> WHAT TO WORK ON:
Go to the line containing "Bambusové ponožky na opuchnuté nohy – jedľa" in the records below. Repeat it and the lines after it exactly, all the way to the end.

··· PROVIDED MATERIAL ···

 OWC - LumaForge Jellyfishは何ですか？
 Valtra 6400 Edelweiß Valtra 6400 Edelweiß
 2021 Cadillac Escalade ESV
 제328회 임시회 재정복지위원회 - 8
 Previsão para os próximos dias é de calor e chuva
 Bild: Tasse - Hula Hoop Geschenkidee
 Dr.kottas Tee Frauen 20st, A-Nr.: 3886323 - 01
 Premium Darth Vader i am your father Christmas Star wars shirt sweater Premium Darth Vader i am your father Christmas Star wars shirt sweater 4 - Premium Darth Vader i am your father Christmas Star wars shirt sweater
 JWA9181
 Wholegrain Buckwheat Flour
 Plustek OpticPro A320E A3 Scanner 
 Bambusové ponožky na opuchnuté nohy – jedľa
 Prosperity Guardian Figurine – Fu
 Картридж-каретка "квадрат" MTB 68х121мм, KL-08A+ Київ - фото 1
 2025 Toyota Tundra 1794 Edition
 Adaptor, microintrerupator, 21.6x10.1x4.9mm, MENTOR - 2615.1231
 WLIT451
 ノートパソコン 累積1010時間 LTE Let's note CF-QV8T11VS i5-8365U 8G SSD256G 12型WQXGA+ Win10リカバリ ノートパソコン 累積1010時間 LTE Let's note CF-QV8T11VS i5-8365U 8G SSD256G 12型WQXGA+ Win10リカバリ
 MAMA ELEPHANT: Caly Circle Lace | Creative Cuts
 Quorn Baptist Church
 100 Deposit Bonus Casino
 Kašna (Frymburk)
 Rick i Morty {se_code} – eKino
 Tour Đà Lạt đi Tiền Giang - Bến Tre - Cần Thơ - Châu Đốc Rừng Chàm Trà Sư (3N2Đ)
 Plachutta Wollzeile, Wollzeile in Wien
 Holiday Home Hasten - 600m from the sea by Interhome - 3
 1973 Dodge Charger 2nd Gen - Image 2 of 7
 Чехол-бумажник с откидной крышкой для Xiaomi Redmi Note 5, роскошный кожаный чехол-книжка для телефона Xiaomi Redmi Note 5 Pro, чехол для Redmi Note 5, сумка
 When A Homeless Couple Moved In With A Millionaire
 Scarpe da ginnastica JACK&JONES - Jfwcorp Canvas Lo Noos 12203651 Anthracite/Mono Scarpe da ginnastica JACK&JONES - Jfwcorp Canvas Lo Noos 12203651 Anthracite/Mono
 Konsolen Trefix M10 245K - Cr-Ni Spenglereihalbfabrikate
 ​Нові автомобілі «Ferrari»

···

> RESULT:
 Bambusové ponožky na opuchnuté nohy – jedľa
 Prosperity Guardian Figurine – Fu
 Картридж-каретка "квадрат" MTB 68х121мм, KL-08A+ Київ - фото 1
 2025 Toyota Tundra 1794 Edition
 Adaptor, microintrerupator, 21.6x10.1x4.9mm, MENTOR - 2615.1231
 WLIT451
 ノートパソコン 累積1010時間 LTE Let's note CF-QV8T11VS i5-8365U 8G SSD256G 12型WQXGA+ Win10リカバリ ノートパソコン 累積1010時間 LTE Let's note CF-QV8T11VS i5-8365U 8G SSD256G 12型WQXGA+ Win10リカバリ
 MAMA ELEPHANT: Caly Circle Lace | Creative Cuts
 Quorn Baptist Church
 100 Deposit Bonus Casino
 Kašna (Frymburk)
 Rick i Morty {se_code} – eKino
 Tour Đà Lạt đi Tiền Giang - Bến Tre - Cần Thơ - Châu Đốc Rừng Chàm Trà Sư (3N2Đ)
 Plachutta Wollzeile, Wollzeile in Wien
 Holiday Home Hasten - 600m from the sea by Interhome - 3
 1973 Dodge Charger 2nd Gen - Image 2 of 7
 Чехол-бумажник с откидной крышкой для Xiaomi Redmi Note 5, роскошный кожаный чехол-книжка для телефона Xiaomi Redmi Note 5 Pro, чехол для Redmi Note 5, сумка
 When A Homeless Couple Moved In With A Millionaire
 Scarpe da ginnastica JACK&JONES - Jfwcorp Canvas Lo Noos 12203651 Anthracite/Mono Scarpe da ginnastica JACK&JONES - Jfwcorp Canvas Lo Noos 12203651 Anthracite/Mono
 Konsolen Trefix M10 245K - Cr-Ni Spenglereihalbfabrikate
 ​Нові автомобілі «Ferrari»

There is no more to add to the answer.